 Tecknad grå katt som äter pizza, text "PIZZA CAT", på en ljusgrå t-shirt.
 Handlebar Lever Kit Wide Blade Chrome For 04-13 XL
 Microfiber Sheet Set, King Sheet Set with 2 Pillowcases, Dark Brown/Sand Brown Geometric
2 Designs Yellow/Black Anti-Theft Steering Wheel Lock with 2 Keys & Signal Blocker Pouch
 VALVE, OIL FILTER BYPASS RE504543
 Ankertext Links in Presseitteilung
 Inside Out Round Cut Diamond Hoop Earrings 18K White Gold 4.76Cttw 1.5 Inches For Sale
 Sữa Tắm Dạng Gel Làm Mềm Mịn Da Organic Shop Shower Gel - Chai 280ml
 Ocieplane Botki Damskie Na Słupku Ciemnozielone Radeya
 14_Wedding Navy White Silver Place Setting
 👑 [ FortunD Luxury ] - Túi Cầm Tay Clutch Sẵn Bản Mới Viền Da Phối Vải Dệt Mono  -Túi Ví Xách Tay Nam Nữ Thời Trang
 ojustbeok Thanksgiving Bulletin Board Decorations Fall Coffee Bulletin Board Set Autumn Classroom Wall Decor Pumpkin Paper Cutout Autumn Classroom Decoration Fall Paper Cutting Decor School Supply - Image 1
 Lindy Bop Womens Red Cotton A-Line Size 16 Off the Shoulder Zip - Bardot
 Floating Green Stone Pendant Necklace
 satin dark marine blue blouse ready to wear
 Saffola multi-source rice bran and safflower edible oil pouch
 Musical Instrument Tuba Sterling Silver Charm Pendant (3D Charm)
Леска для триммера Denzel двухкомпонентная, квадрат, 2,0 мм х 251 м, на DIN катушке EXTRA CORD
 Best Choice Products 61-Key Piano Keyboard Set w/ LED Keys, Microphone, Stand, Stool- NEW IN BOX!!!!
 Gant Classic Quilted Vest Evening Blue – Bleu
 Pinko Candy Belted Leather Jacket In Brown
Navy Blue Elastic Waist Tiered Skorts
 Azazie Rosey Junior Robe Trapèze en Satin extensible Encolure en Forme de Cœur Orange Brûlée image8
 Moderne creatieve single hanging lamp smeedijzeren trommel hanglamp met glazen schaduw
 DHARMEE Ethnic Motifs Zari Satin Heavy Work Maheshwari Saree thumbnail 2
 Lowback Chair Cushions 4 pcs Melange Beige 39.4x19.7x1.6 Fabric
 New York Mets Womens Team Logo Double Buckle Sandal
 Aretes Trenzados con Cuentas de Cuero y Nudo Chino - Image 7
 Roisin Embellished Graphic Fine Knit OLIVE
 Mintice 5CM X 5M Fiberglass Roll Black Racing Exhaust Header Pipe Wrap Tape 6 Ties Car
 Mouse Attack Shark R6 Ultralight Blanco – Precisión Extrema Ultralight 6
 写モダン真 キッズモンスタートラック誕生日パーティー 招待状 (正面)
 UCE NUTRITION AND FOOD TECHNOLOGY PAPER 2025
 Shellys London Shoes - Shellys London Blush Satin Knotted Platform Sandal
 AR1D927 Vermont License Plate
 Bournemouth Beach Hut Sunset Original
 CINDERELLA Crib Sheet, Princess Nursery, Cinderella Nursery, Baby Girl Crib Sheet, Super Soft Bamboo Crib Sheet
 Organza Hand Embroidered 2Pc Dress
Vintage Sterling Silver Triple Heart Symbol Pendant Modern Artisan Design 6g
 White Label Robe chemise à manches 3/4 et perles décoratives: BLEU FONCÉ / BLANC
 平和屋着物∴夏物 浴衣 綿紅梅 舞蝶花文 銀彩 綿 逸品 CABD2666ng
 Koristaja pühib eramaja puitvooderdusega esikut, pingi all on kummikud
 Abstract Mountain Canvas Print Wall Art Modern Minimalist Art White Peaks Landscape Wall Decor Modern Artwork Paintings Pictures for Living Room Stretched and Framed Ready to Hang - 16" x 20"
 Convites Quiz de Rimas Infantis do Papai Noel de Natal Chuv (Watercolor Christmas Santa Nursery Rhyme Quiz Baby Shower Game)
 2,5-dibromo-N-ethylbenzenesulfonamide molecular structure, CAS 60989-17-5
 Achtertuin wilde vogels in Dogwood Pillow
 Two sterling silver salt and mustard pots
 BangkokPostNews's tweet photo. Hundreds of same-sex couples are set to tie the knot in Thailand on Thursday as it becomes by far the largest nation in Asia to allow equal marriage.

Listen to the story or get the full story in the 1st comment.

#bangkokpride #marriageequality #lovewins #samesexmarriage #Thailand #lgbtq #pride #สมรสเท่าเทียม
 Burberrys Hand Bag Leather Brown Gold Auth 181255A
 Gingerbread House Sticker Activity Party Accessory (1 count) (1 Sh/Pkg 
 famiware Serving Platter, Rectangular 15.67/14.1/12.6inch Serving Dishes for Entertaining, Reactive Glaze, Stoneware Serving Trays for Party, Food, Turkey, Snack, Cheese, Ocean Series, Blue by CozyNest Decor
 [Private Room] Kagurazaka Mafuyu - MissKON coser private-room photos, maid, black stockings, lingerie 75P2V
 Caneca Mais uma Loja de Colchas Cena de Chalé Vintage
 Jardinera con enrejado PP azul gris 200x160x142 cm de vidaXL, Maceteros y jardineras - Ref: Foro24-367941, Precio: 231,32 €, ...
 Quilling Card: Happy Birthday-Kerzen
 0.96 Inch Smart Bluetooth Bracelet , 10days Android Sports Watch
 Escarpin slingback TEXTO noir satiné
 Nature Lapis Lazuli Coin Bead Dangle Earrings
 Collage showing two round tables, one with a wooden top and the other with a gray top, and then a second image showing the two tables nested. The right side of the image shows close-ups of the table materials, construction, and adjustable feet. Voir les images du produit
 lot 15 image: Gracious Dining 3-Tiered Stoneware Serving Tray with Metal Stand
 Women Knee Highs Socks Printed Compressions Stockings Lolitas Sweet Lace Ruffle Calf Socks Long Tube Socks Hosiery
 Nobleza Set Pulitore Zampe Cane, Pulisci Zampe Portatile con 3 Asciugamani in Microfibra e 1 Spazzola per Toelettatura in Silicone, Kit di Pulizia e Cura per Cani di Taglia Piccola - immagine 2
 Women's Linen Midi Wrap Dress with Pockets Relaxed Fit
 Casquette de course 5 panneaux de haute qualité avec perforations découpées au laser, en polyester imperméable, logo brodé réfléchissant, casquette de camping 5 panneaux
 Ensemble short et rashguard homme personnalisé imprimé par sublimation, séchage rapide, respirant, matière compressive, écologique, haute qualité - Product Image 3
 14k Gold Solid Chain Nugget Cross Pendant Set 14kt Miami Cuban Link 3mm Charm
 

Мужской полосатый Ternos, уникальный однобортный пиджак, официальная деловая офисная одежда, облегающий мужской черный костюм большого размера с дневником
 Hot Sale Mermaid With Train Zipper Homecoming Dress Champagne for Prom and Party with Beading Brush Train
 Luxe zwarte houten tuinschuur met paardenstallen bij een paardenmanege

☆ ☆ ☆ ☆

:: Exercise ::
All lines that contain the word "Gold" should be copied from the listing.

:: Your response ::
 Inside Out Round Cut Diamond Hoop Earrings 18K White Gold 4.76Cttw 1.5 Inches For Sale
 Burberrys Hand Bag Leather Brown Gold Auth 181255A
 14k Gold Solid Chain Nugget Cross Pendant Set 14kt Miami Cuban Link 3mm Charm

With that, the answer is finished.